From Financial Times:
Five years ago, a team of researchers from Google announced a remarkable achievement in one of the world’s top scientific journals, Nature. Without needing the results of a single medical check-up, they were nevertheless able to track the spread of influenza across the US. What’s more, they could do it more quickly than the Centers for Disease Control and Prevention (CDC). Google’s tracking had only a day’s delay, compared with the week or more it took for the CDC to assemble a picture based on reports from doctors’ surgeries. Google was faster because it was tracking the outbreak by finding a correlation between what people searched for online and whether they had flu symptoms.

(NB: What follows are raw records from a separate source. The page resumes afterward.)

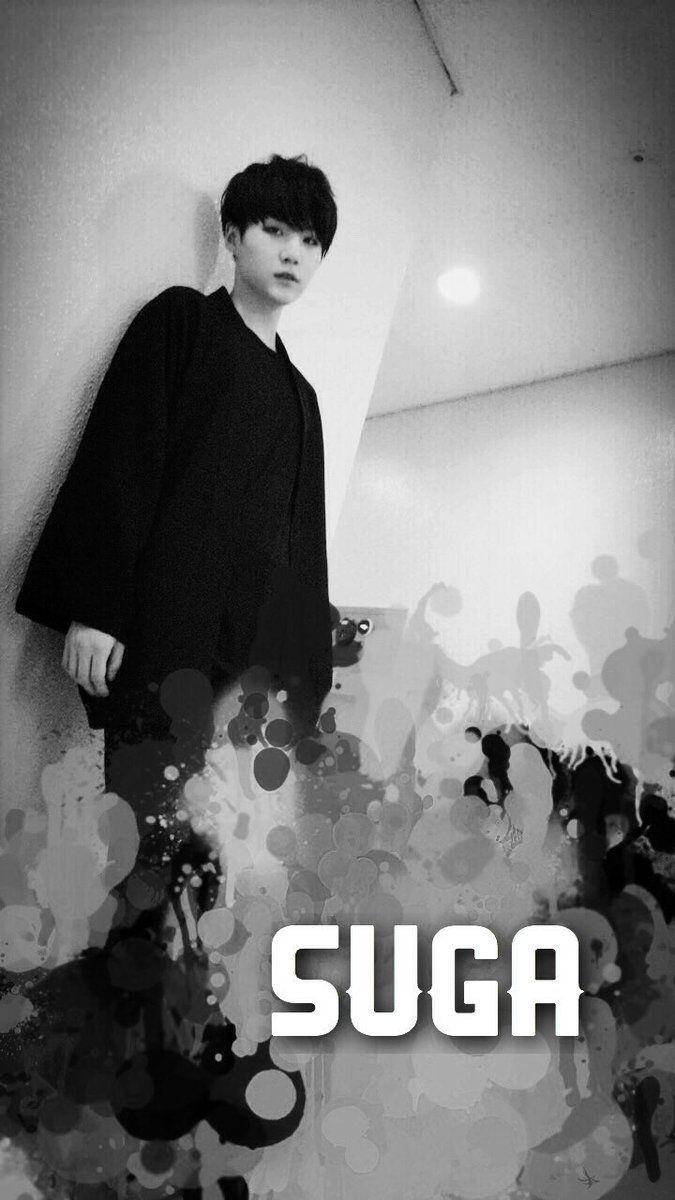 BTS Suga, grayscale, dark coat, SD Phone Wallpaper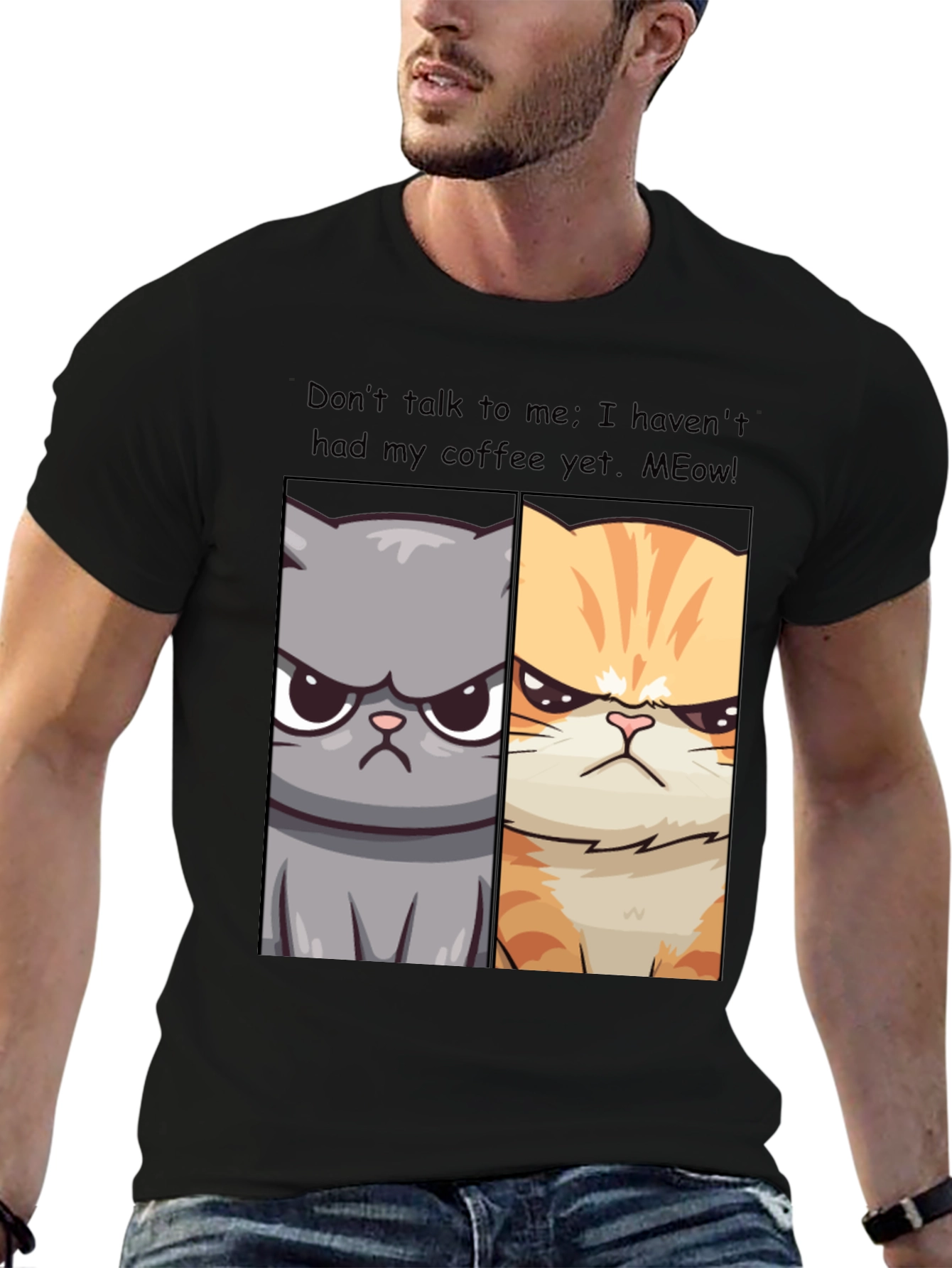 Grumpy Cats Coffee Humor T-Shirt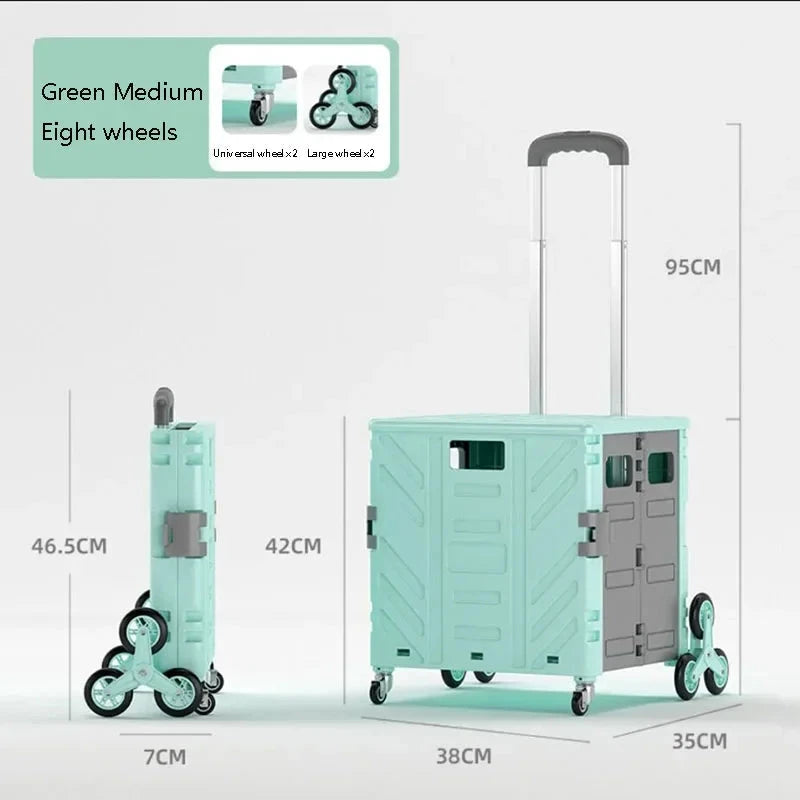 Home Supplies Trolley Shopping Storage Containers Folding Cart Plastic Shopping Cart Vehicle Mounted Storage Box Bag On Wheels Good Vibrations
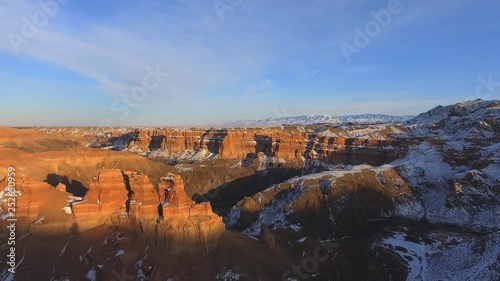 Aerial view drone flying above Charyn Canyon National Reserve of Kazakhstan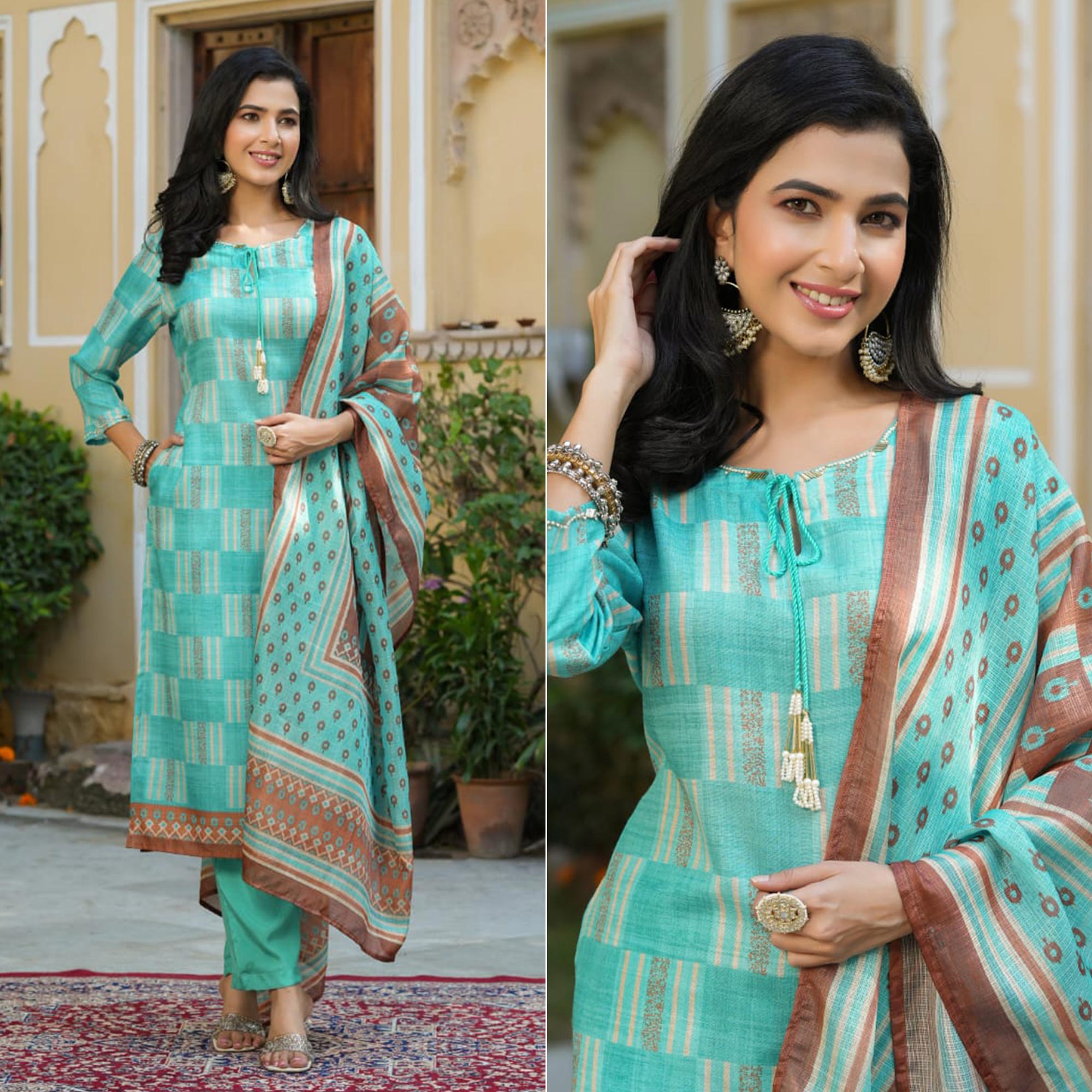 Turquoise Checked Printed Rayon Suit
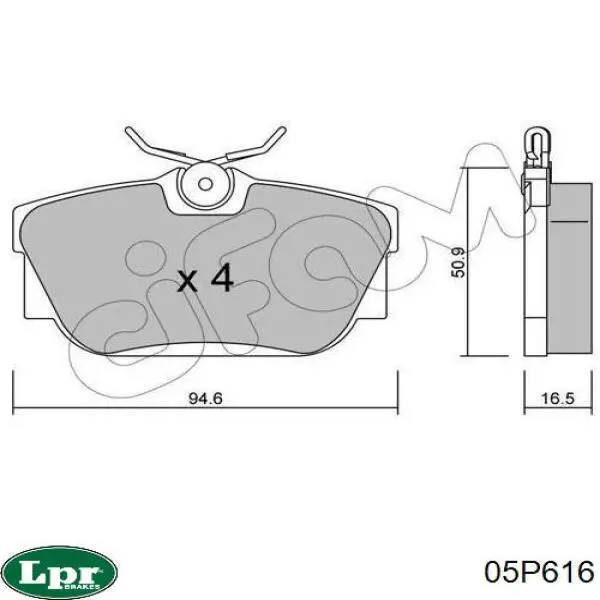 Задні гальмівні колодки LPR 05P616 ціна, від 13.44 USD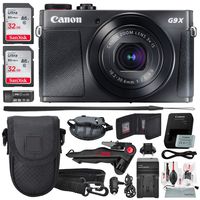 Canon PowerShot G9 X Mark II Digital Camera (Silver) W/Total of 64GB SD Card, and Deluxe Accessory Bundle
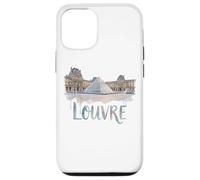 Carcasa para iPhone 12/12 Pro Musée du Louvre Pirámide Acuarela Exterior París Francia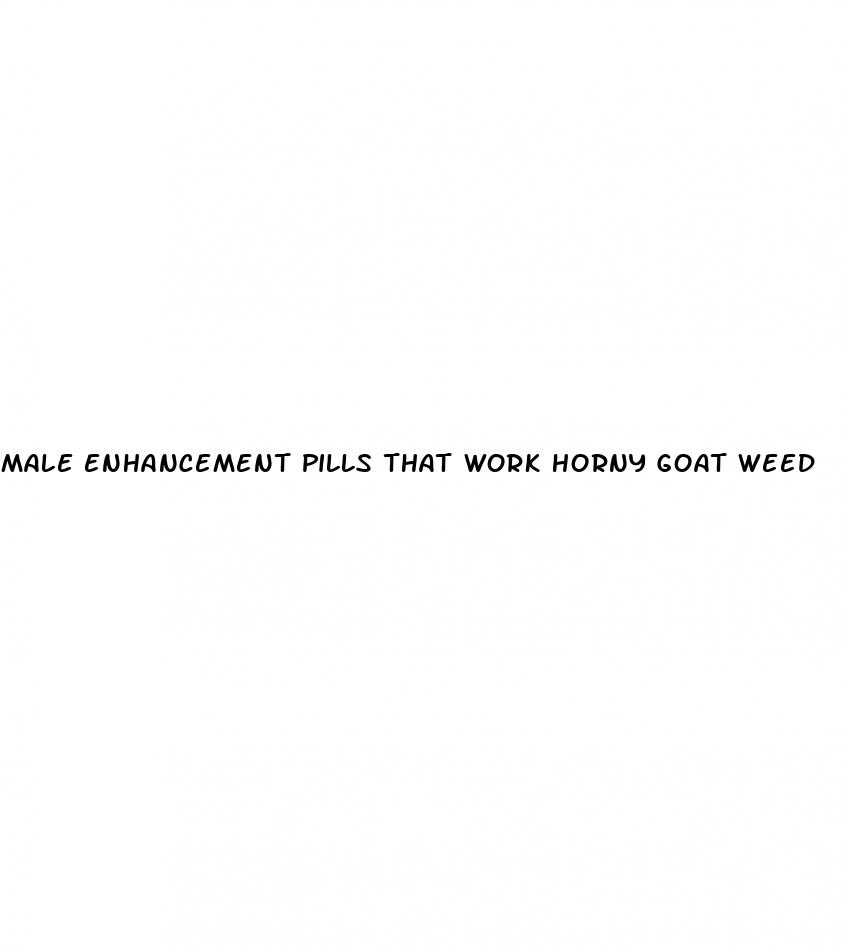 male enhancement pills that work horny goat weed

Not only was “Google Flu Trends” quick, accurate and cheap, it was theory-free. Google’s engineers didn’t bother to develop a hypothesis about what search terms – “flu symptoms” or “pharmacies near me” – might be correlated with the spread of the disease itself. The Google team just took their top 50 million search terms and let the algorithms do the work.
The rest was the stuff of millions of PowerPoints and thousands of stories. Then,
Four years after the original Nature paper was published, Nature News had sad tidings to convey: the latest flu outbreak had claimed an unexpected victim: Google Flu Trends. After reliably providing a swift and accurate account of flu outbreaks for several winters, the theory-free, data-rich model had lost its nose for where flu was going. Google’s model pointed to a severe outbreak but when the slow-and-steady data from the CDC arrived, they showed that Google’s estimates of the spread of flu-like illnesses were overstated by almost a factor of two.
The problem was that Google did not know – could not begin to know – what linked the search terms with the spread of flu. …
… One explanation of the Flu Trends failure is that the news was full of scary stories about flu in December 2012 and that these stories provoked internet searches by people who were healthy. Another possible explanation is that Google’s own search algorithm moved the goalposts when it began automatically suggesting diagnoses when people entered medical symptoms. More.
Yes, all of the above. For one thing, flu tends to fell people who are already older and less healthy—disproportionately less likely to proactively seek out information on the Internet. Young, active people with a lot to lose are more likely to seek information even though they are at less risk.
Somewhere out there, there must be a general law that governs the spread of information and its limits.
When Big Data fails, common sense comes into its own, and maybe a law of some kind even underlies that.